The Geneva deal provides Iran with about $7 billion in relief from international sanctions in exchange for Iranian curbs on uranium enrichment and other nuclear activity. All parties pledged to work toward a final accord next year that would remove remaining suspicions in the West that Tehran is trying to assemble an atomic weapons arsenal.
Iran insists its nuclear interest is only in peaceful energy production and medical research.
The diplomatic gamble with Iran, if the interim agreement holds up and leads to a final pact preventing Iran from acquiring nuclear weapons, could avert years of threats of U.S. or Israeli military intervention. It could also prove a turning point in decades of hostility between Washington and Tehran – and become a crowning foreign policy achievement of Obama’s presidency.
First off, RTFA for the details. The AP has done a professional job outlining the chronology of this comparatively recent – and successful – effort.
The rest of the world will keep the whole history of relations between Iran and the United States in mind even though the average American hasn’t a clue.
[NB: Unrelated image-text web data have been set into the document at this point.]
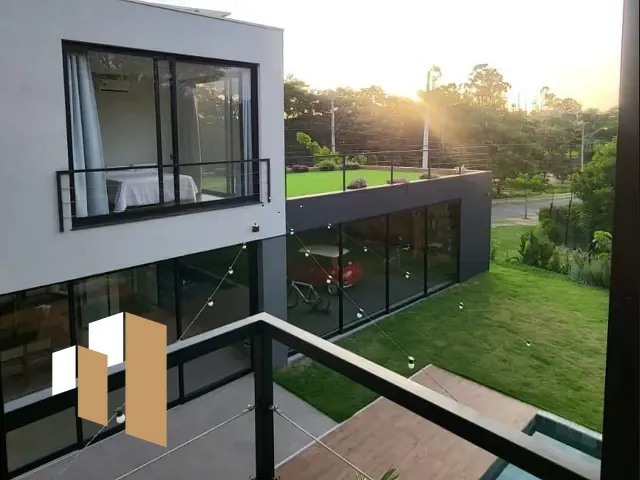 Casa 4 quartos e 6 banheiros, à venda, no bairro Jardim Indaiatuba Golf em Indaiatuba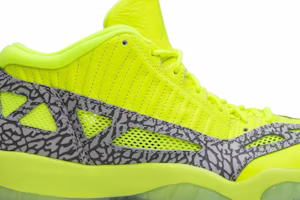 Air Jordan 11 Retro Low IE 'Volt' 919712-700 (Warna Neon Hijau) Order Air Jordan 11 Retro Low IE 'Volt' 919712-700 (Warna Neon Hijau)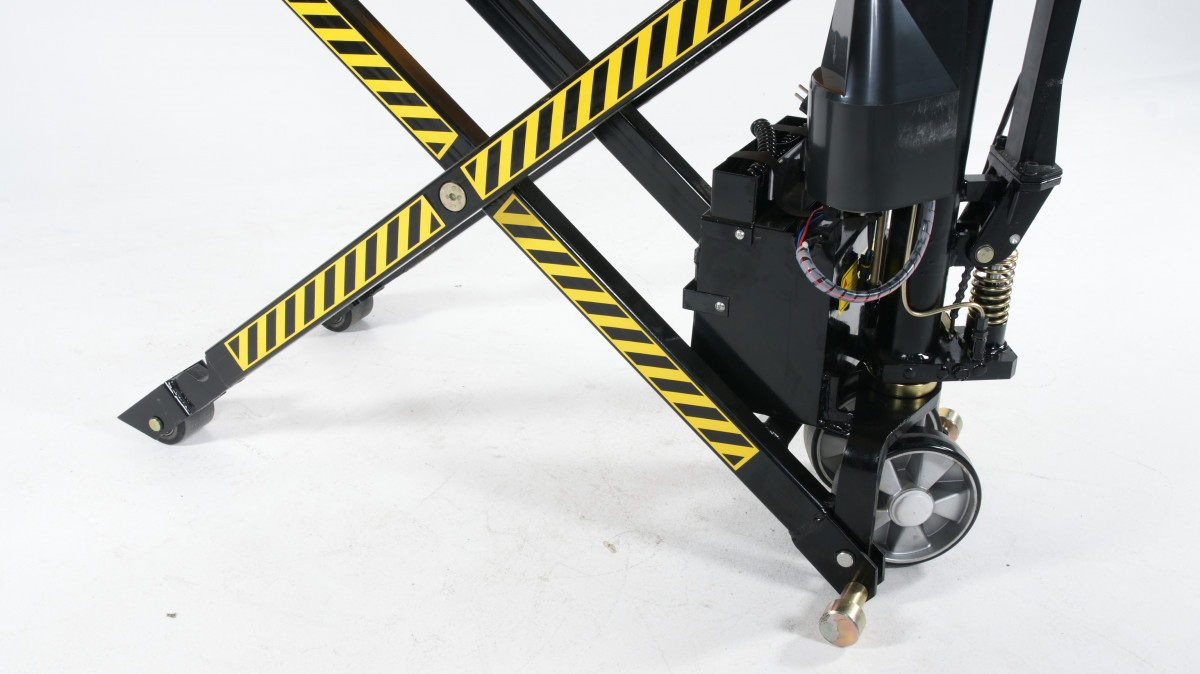 Saxlyftvagn elektrisk 1500kg, 1170 mm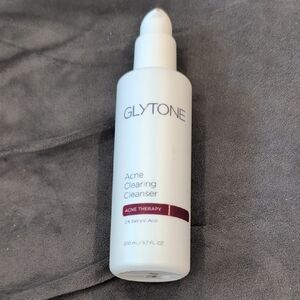 White Acne Clearing Cleanser
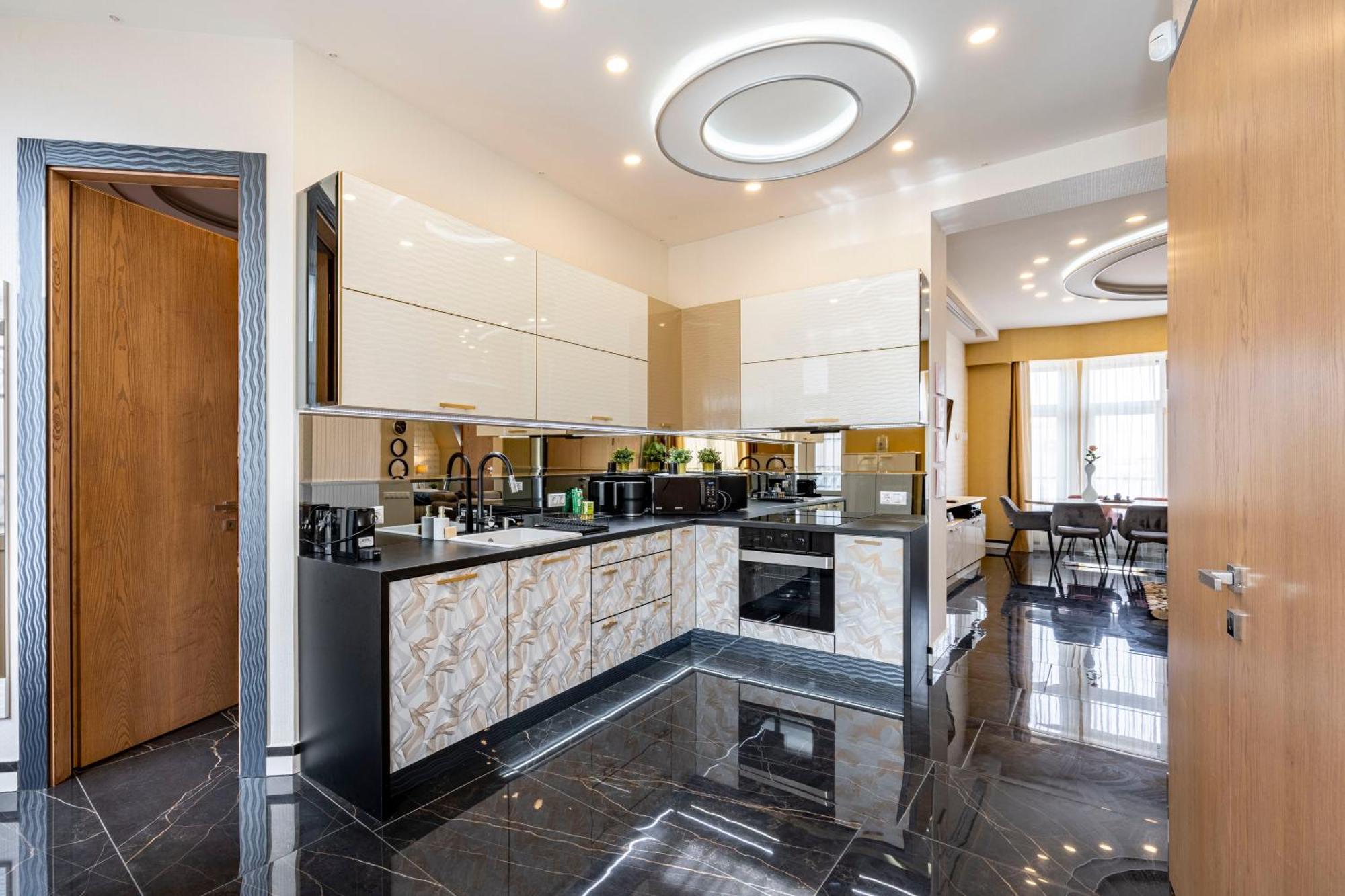 Luxury Royal Central Apartment By Prestige Homes Budapeste Exterior foto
A condition perpetuated by what passes for news in our media-as-entertainment only, history in our schools.
It starts with the United States, the CIA and Iranian royalists combining to crush the first democratically-elected government in Iran back in 1953. No one in Iran, no one in the Middle East forgets how American greed for oil trumped democracy with violence. No one in the world seriously believes the United States has abandoned the imperial premises that brought about that coup.
The possibility of the detente that started during the Clinton years continuing – were abruptly halted, intentionally or otherwise – by George W. Bush announcing to the world how he demanded the Iranian people vote in elections in 2005. Only an old-fashioned fool in the mold of Colonel Blimp would expect a nation to bow their heads and say, “Yes, boss” to such arrogance. And, so, the Iranian nation ended up with a fool in charge to match the clown in the White House.
We are fortunate that one of the few promises kept by Barack Obama since his election was the one made about negotiating with Iran. No less arrogant than George W, as dedicated as ever to the premises that keep a right-wing government in power in Israel, nevertheless, through the good graces of the Sultan of Oman – communications were continued and expanded until this important first step moved forward yesterday evening.
The usual shitheads are upset. From Lindsay Graham in South Carolina to Benjamin Netanyahu in Israel, from Tea Party trollops to Chuck Shumer, the senator from Tel Aviv – right-wingers and liberals alike in their dedication to imperial greed from the United States and our client state in Israel are pissed off.
That is as it should be. Another sign of positive accomplishment.